Approximately 100 people participated in a fundraiser for the Wounded Warrior Project on Sunday that centered around a 75-mile ride to the Vietnam Veterans Memorial Wall in Washington, D.C., organizer Chad Craig said.
Forty motorcycles and a couple cars took part in the Ride for Recovery, which was sponsored byHarley-Davidsonof Williamsport, Cancun Cantina and 101.5 Bob Rocks, said Craig, who organized the event with his wife, Lisa. The ride began at theHarley-Davidsonshop, and participants were invited to Cancun Cantina for a party afterward, he said.

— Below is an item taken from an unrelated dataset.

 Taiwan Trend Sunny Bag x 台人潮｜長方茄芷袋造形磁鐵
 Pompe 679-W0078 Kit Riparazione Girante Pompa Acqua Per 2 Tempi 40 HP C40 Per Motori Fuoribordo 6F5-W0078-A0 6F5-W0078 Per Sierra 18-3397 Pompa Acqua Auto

Ride coordinator Dan Norby said the overcast weather might have prevented some people from joining the ride, which organizers are hoping will become an annual fundraiser to help wounded military members.
“They stood up for our freedom. So it’s about time somebody starts standing up for them,” said Norby, who lives in Martinsburg, W.Va., and served in the Marine Corps in the late 1970s.
The Wounded Warrior Project is a national nonprofit organization that helps wounded service members transition to life after an injury, including assistance finding jobs, peer mentoring, and providing them with information about benefits and resources, according to the project’s website at www.woundedwarriorproject.org.
Chad Craig said he got the idea to organize the fundraiser for the Wounded Warrior Project because his friend’s nephew, Cory Remsburg, was injured by an improvised explosive device in Afghanistan.
Jeff Remsburg, 54, of Hagerstown, said Oct. 1 will mark three years since his nephew received a traumatic brain injury from the explosion. Corey Remsburg, an Army ranger who lives in St. Louis, is close to being able to walk again, his uncle said.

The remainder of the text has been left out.